Exercise directions.
I would like you to output every record below exactly, apart from the pictures.

Records excerpted from a collection:
- - -

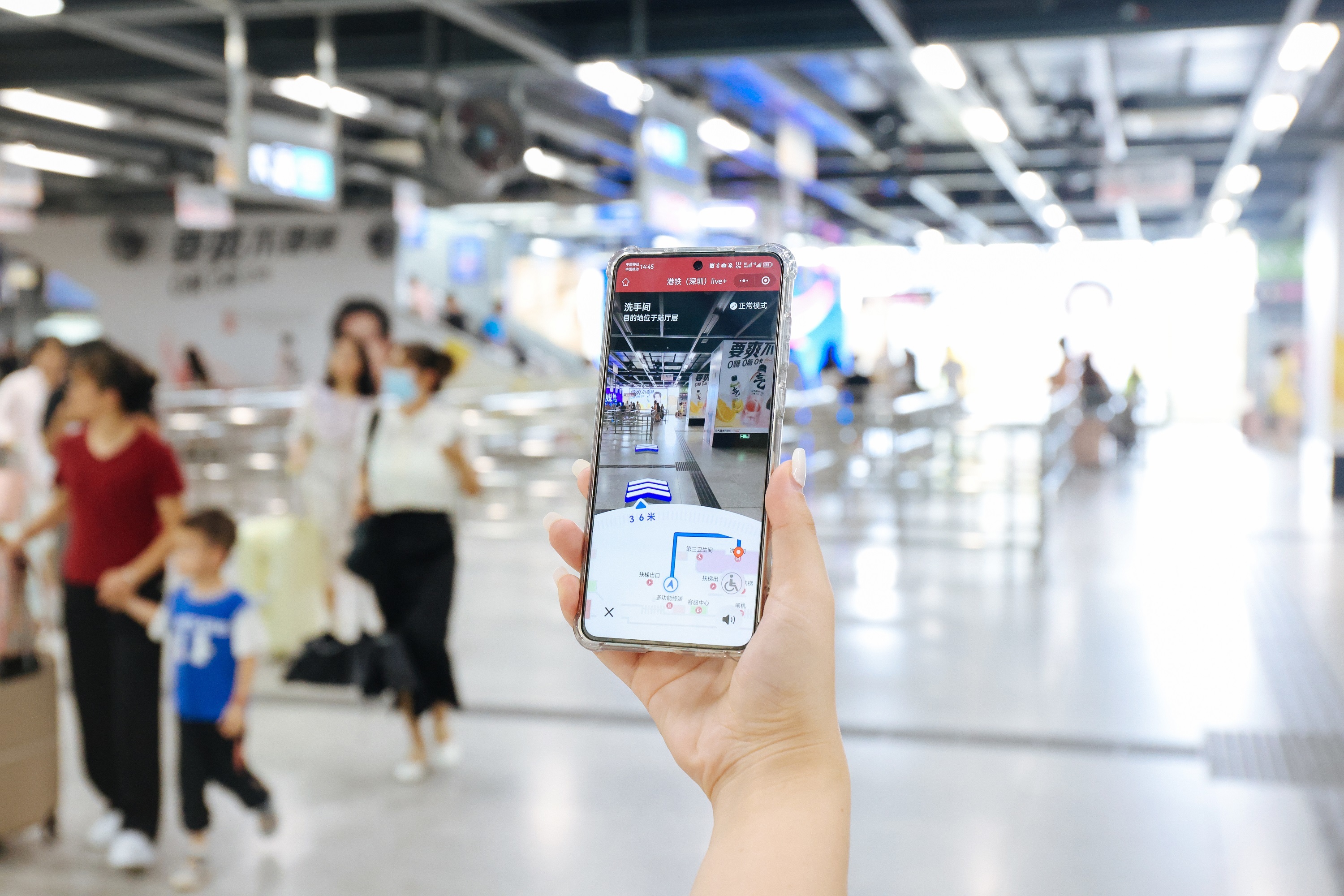 实景导航，智能问询，4号线深圳北站上线多功能智能终端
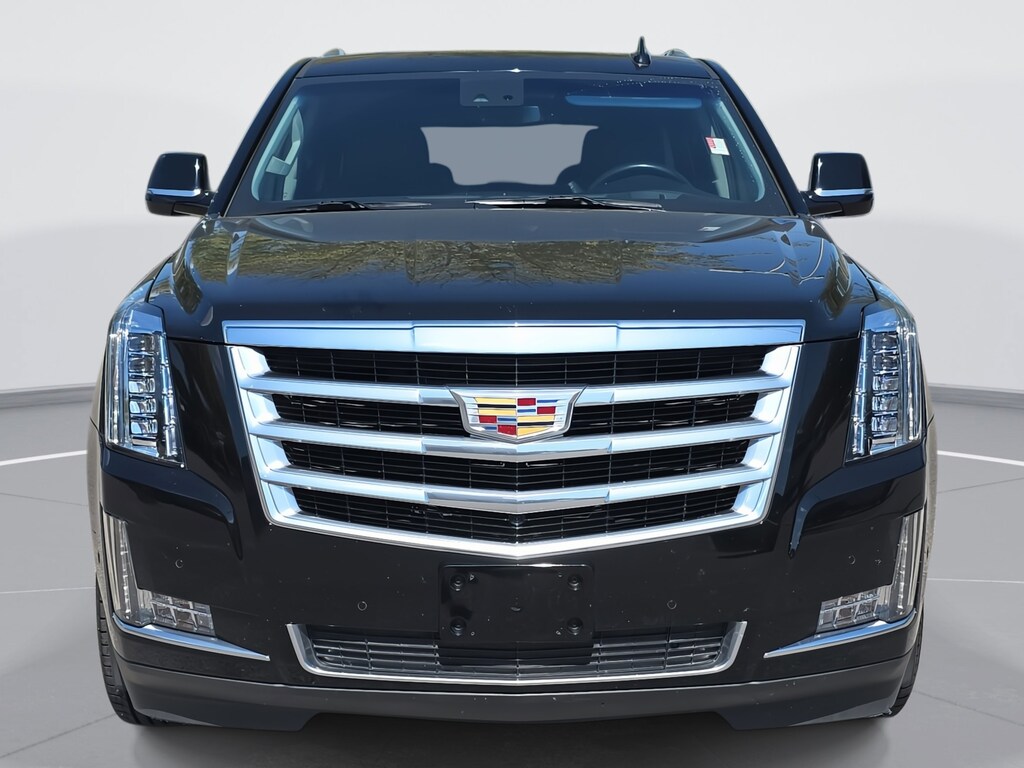 Used 2017 Cadillac Escalade Luxury 4WD  Luxury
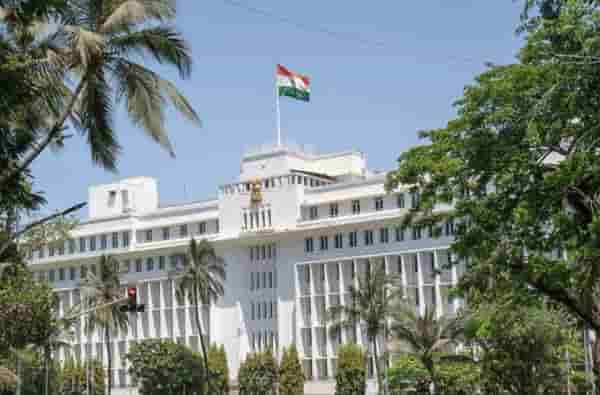 रखडलेल्या मेगाभरतीला पुन्हा स्थगिती, कोरोनामुळे 70 हजार जागांची भरती पुन्हा रखडली
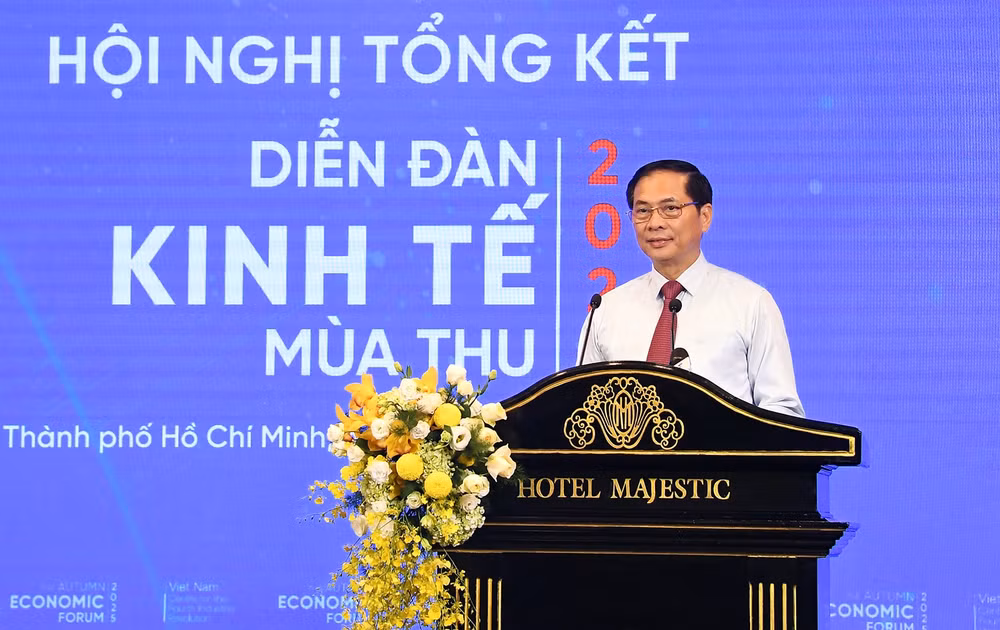 Từng bước đưa Diễn đàn Kinh tế mùa Thu TPHCM vươn tầm khu vực, quốc tế- Ảnh 1.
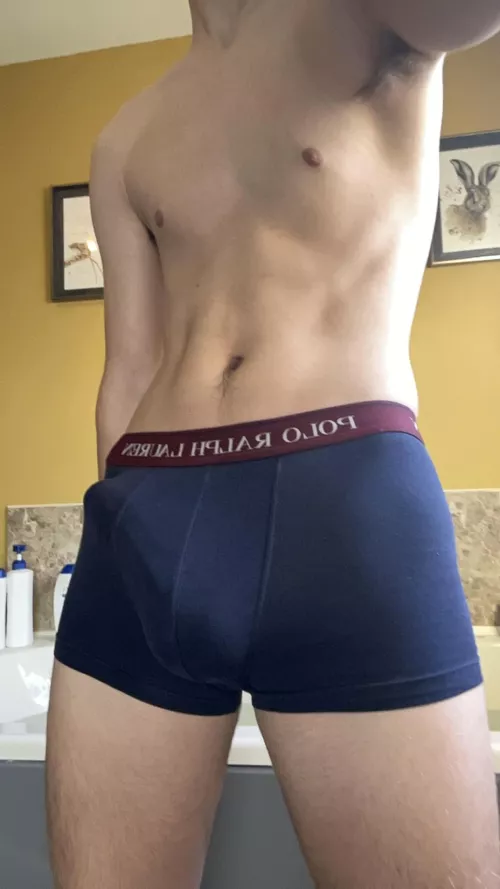 Who likes 18 year old bulge by UpstairsAd6745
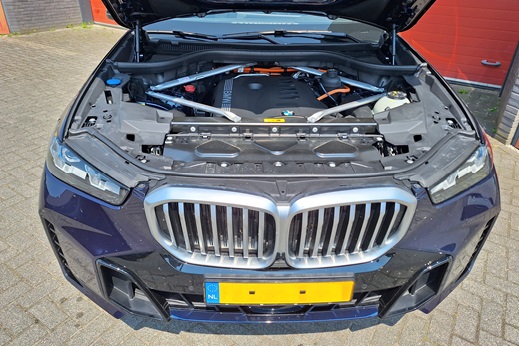 Rijervaring Chiptuning BMW X5 50e 489 PK G05 Voorkant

- - -

Answer to this exercise.
 实景导航，智能问询，4号线深圳北站上线多功能智能终端
 Used 2017 Cadillac Escalade Luxury 4WD  Luxury
 रखडलेल्या मेगाभरतीला पुन्हा स्थगिती, कोरोनामुळे 70 हजार जागांची भरती पुन्हा रखडली
 Từng bước đưa Diễn đàn Kinh tế mùa Thu TPHCM vươn tầm khu vực, quốc tế- Ảnh 1.
 Who likes 18 year old bulge by UpstairsAd6745
 Rijervaring Chiptuning BMW X5 50e 489 PK G05 Voorkant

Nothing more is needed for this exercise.